Farley nodded. “Then we’ll do it the Army way.”
She looked puzzled. “The Army way?”
Broben smirked and punched his fist into his palm. “Subtle,” he said, pronouncing the b.
Four crewmen emerged from the small geometry of crops in a low crouch and trotted through the dim orange twilight to the Dome wall. They followed its gentle curve until they stood before the door. The black glass panel beside it was dark.
Garrett and Everett took flank with their nerve guns while Boney went to work on the panel.
“There’s gotta be a manual backup,” Shorty whispered beside him. “You don’t build something that traps everybody when the power goes on the fritz.”
“Good thing you didn’t pull sub duty,” Boney replied. He felt around the edges of the panel, then put both hands on the right side and slid a recessed lever out from the edge. He glanced at Garrett and Everett, then pulled the lever.
The access panel swung open. Behind it was a circular metal plate with a hole in the middle, and a Z-shaped crank bar held by plastic clamps. Boney pulled the bar free and fitted one end into the metal plate. He tried to crank the Z-bar but nothing moved. Shorty set his hands on the crank beside Boney’s and the two men worked the bar counter-clockwise.

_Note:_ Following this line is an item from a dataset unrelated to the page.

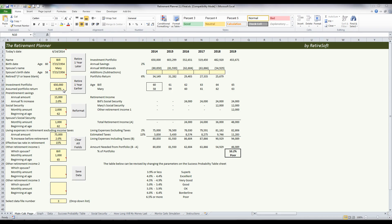They're saving fifteen thousand dollars a year towards retirement, and we're assuming that will increase by two percent a year. Bill's Social Security at age 62 is expected to be two thousand dollars a month, and Mary's is expected to be a thousand dollars a month when she turns 62.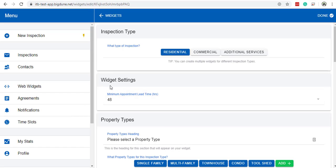Now when someone tries to schedule from this widget, it will give you at least 48 hours lead time before someone can schedule an appointment.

Grudgingly it began to turn. Metal squealed, and beside them the door began to inch open.
“Jesus,” Shorty breathed. “Send up a flare, while we’re at it.”
Beyond the half-open door all was pitch black. Boney moved aside and Shorty held a fist up. Garrett and Everett moved to flank him at the door. The stubby nerve guns really did look like toys in their big hands, Shorty thought as he counted one two three with his fingers. Then he gripped the nerve gun he had borrowed from Yone and ran into the half-open doorway. He dropped low and turned on the flashlight clipped to the side of the gun as Everett and Garrett came in behind him.